● **PROBLEM TO WORK ON**:
From the data below, return the exact lines starting at the line containing "Asarcık’ta sebze pazarı" and ending at the line containing "Pea soup and potatoes", both included, and nothing else.

+++ PROVIDED RECORDS +++

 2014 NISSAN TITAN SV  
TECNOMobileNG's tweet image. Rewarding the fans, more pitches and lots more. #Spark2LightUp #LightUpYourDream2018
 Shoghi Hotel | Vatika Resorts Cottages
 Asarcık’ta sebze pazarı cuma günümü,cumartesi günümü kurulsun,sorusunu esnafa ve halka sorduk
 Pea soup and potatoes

+++
+++ PROVIDED RECORDS +++

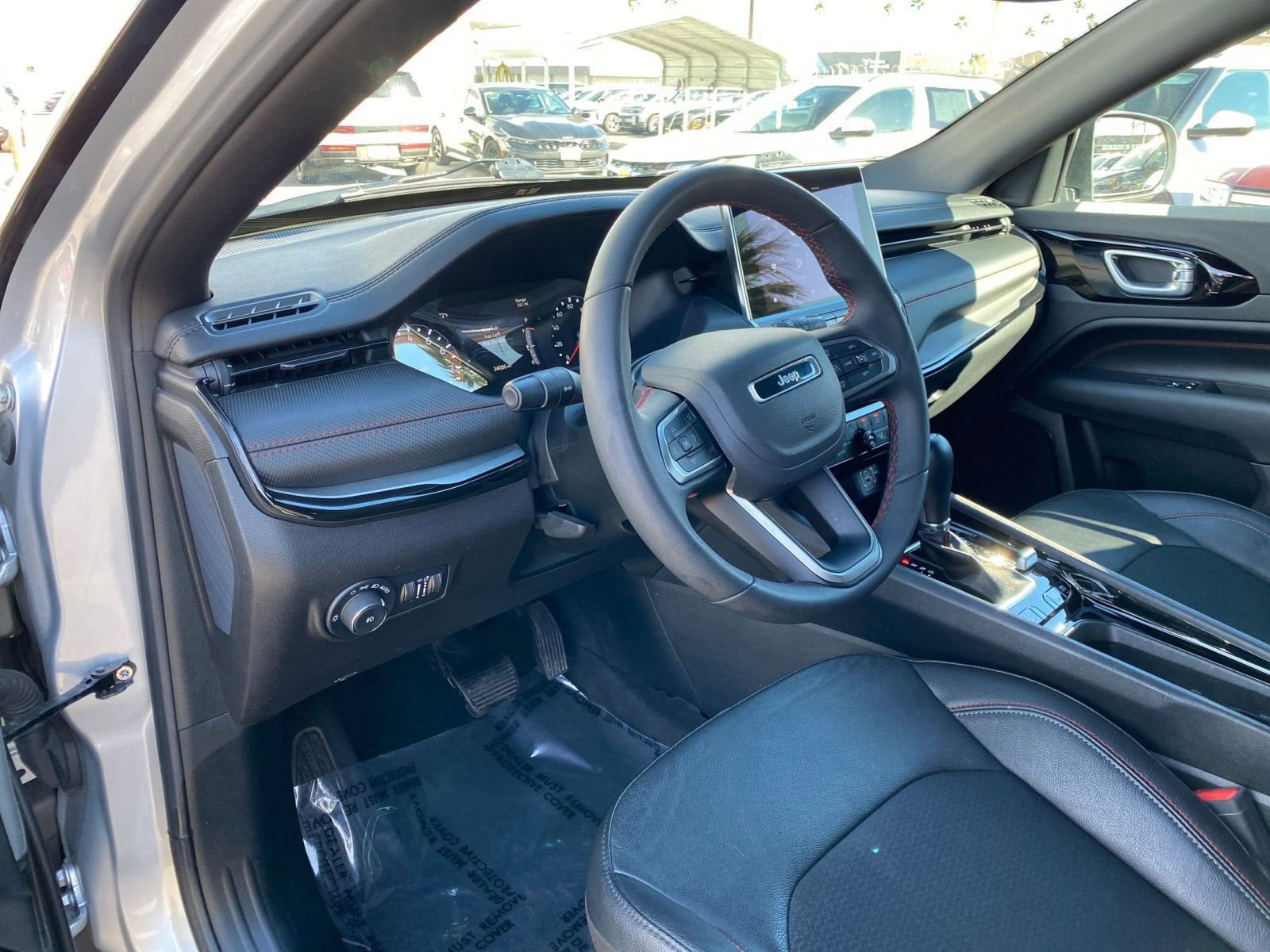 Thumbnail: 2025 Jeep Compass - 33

+++
+++ PROVIDED RECORDS +++

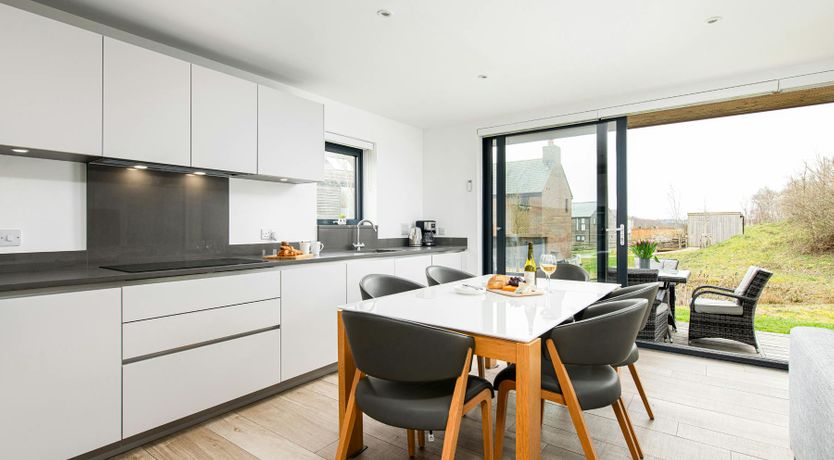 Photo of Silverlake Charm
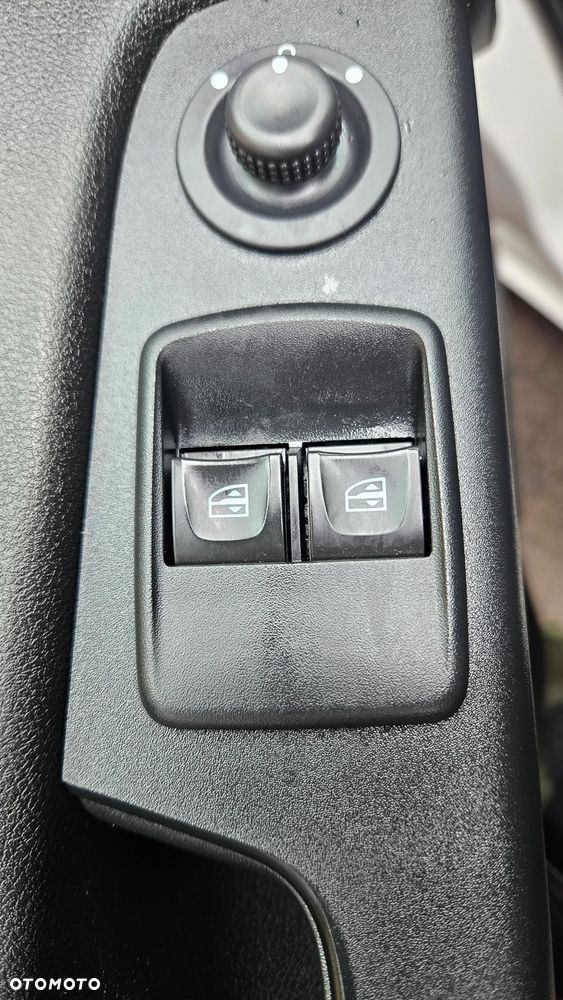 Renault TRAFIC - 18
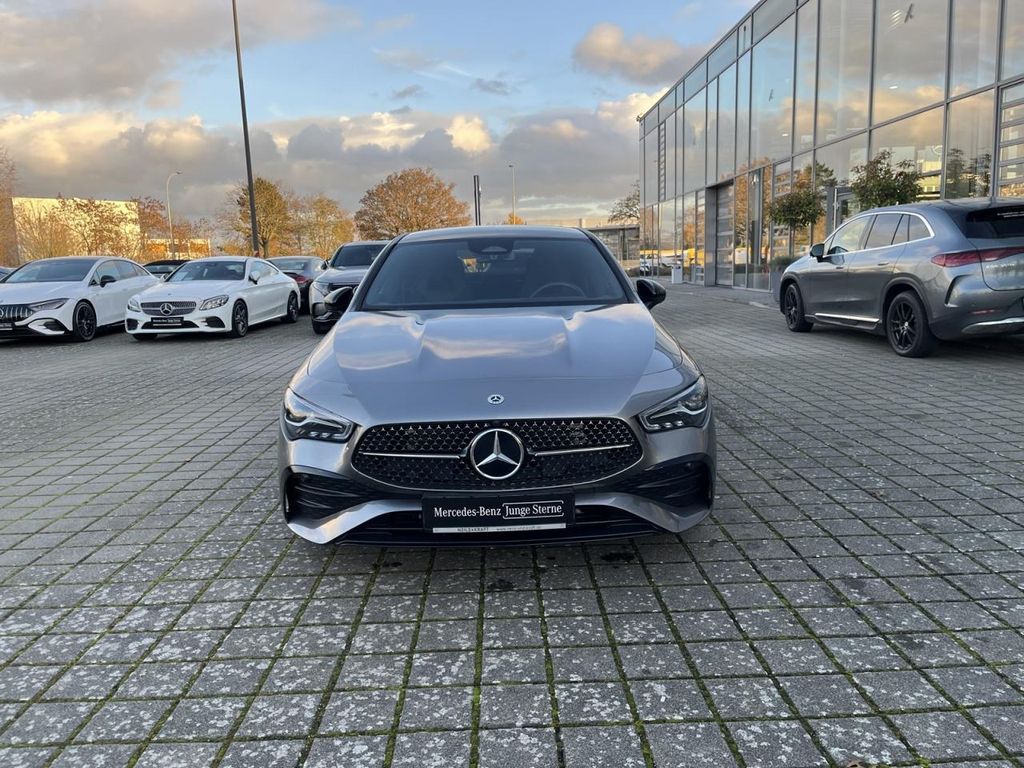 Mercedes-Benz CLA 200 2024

+++

● **WORKED SOLUTION**:
 Asarcık’ta sebze pazarı cuma günümü,cumartesi günümü kurulsun,sorusunu esnafa ve halka sorduk
 Pea soup and potatoes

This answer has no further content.